Aside from data ingestion, processing, and retrieval, the fact remains that there is a problem at the very core of how NWP is done. “Many of the models are based on old code, Fortran, for instance, and they’re only getting 5-10% computational efficiency on HPC systems. This is because they’ve been designed for mathematical simplicity but not for computational complexity. Until our technology can bridge that gap better, we are going to have very low efficiency models, even with all the hardware that’s out there.”
“Because of the unique niche we play in, in a sense, we are players now in the big data space. We’re not just working with perfecting one single numerical prediction model, we’re working with hundreds. And it’s that sheer problem of data that is our challenge.” Hardware is important, software is important, but the platform approach with data at the center is the thing he expects will save the day—at least, eventually.

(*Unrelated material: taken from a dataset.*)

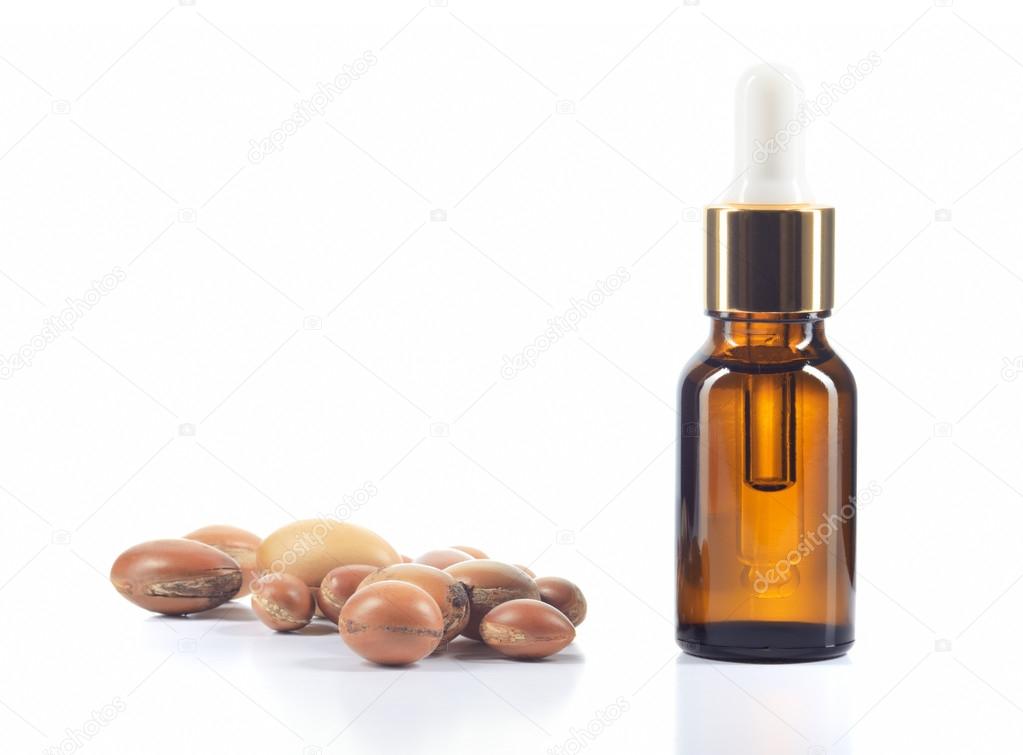 Argan oil and argan nuts on white background.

There are no magic bullets for weather or other areas with similar struggles, and there are some. Oil and gas, financial services, other mission-critical commercial areas of HPC have the same complaint, as we’ve seen here at The Next Platform. The same is true for certain areas of scientific and technical computing where the hardware capabilities have outpaced what’s possible due to a holding-up based on legacy codebases (which leads to inflexibility) and a lack of recognition that real mission-critical value and progress is based not on sheer floating point performance, but the way the system can handle and move data around the system and within the application.
And further, in the case of The Weather Company, which has daily deliverables that come with high computational costs in all respects, creating the next platform for improved forecasts and models is not just about hardware or software. It’s about taking a data-centric approach to systems—and finding those few people in the world who can think about that big picture (versus focus specifically on the code, or on HPC administration). This, it turns out, is a greater challenge than it might appear from what Neilley suggests.
Another side point to remember is that the NWP model running is just one slice of what TWC does on a computational level. The nitty-gritty science systems are home-built there, but for the Weather Channel forecasts that are delivered to your phone, those are running on entirely different systems—and via an entirely different mode of computing. Forecasts for consumers are calculated in real-time on Amazon Web Services, something that raised our eyebrows during our interview from a TCO perspective (the old build versus buy argument). For that piece, we’ll be talking to one of the infrastructure leads at TWC later this summer to better understand how that economic math works out—and where those gaps in the platform for large-scale weather applications might be met using the cloud as the base.